## Work to be completed
Among the entries below, how many lines include the word "giving"? Reply with only the number.

## Dataset extract
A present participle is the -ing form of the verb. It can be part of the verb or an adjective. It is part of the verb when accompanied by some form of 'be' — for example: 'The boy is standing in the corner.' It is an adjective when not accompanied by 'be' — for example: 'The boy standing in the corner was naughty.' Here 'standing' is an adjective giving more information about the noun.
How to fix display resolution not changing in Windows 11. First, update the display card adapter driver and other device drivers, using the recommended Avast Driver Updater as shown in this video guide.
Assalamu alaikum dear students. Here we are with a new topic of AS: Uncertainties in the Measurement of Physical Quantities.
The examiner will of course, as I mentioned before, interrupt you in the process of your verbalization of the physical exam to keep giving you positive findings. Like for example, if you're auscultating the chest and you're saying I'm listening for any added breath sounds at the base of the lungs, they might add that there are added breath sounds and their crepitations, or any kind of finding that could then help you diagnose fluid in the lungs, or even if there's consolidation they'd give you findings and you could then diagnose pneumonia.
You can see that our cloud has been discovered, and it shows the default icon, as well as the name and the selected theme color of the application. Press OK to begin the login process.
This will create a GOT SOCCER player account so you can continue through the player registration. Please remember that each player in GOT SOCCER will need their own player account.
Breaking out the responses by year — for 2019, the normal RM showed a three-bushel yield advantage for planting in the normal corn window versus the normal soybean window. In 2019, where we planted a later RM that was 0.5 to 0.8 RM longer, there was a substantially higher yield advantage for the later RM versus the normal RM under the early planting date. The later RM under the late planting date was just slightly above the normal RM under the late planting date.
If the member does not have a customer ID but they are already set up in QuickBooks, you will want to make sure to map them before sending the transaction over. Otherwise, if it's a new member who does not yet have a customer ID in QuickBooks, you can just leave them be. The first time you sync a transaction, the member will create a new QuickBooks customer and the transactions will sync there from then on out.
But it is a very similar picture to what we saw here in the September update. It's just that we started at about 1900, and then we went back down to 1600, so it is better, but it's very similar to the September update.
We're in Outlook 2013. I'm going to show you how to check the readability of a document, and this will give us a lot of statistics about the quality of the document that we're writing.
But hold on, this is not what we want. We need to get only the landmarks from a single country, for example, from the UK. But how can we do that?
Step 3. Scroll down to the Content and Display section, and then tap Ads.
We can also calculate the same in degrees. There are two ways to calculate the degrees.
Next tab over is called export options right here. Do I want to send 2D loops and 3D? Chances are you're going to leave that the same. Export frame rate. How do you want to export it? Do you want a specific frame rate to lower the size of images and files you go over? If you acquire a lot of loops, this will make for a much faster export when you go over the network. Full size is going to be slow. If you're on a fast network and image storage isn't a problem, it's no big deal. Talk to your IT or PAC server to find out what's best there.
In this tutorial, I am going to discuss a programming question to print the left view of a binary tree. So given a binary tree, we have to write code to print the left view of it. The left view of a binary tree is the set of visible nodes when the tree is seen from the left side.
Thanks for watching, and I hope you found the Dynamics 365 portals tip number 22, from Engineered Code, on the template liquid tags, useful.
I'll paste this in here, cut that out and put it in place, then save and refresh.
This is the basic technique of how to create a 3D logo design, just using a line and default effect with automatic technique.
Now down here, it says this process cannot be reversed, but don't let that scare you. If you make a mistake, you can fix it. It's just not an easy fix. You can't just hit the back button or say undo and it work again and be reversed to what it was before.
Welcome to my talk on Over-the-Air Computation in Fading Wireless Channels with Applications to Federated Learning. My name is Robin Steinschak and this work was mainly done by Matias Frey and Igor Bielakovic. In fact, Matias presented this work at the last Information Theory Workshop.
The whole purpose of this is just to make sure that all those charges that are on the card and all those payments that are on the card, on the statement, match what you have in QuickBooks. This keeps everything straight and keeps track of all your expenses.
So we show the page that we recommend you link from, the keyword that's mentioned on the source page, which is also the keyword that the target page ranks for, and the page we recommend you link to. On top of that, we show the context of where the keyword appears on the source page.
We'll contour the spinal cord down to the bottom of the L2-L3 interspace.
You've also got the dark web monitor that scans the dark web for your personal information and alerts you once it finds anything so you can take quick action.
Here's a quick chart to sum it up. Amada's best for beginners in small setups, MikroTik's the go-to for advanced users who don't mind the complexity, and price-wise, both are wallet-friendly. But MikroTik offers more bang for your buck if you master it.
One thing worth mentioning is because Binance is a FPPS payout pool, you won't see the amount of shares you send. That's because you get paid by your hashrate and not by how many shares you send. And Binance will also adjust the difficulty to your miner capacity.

## Solution for this problem
2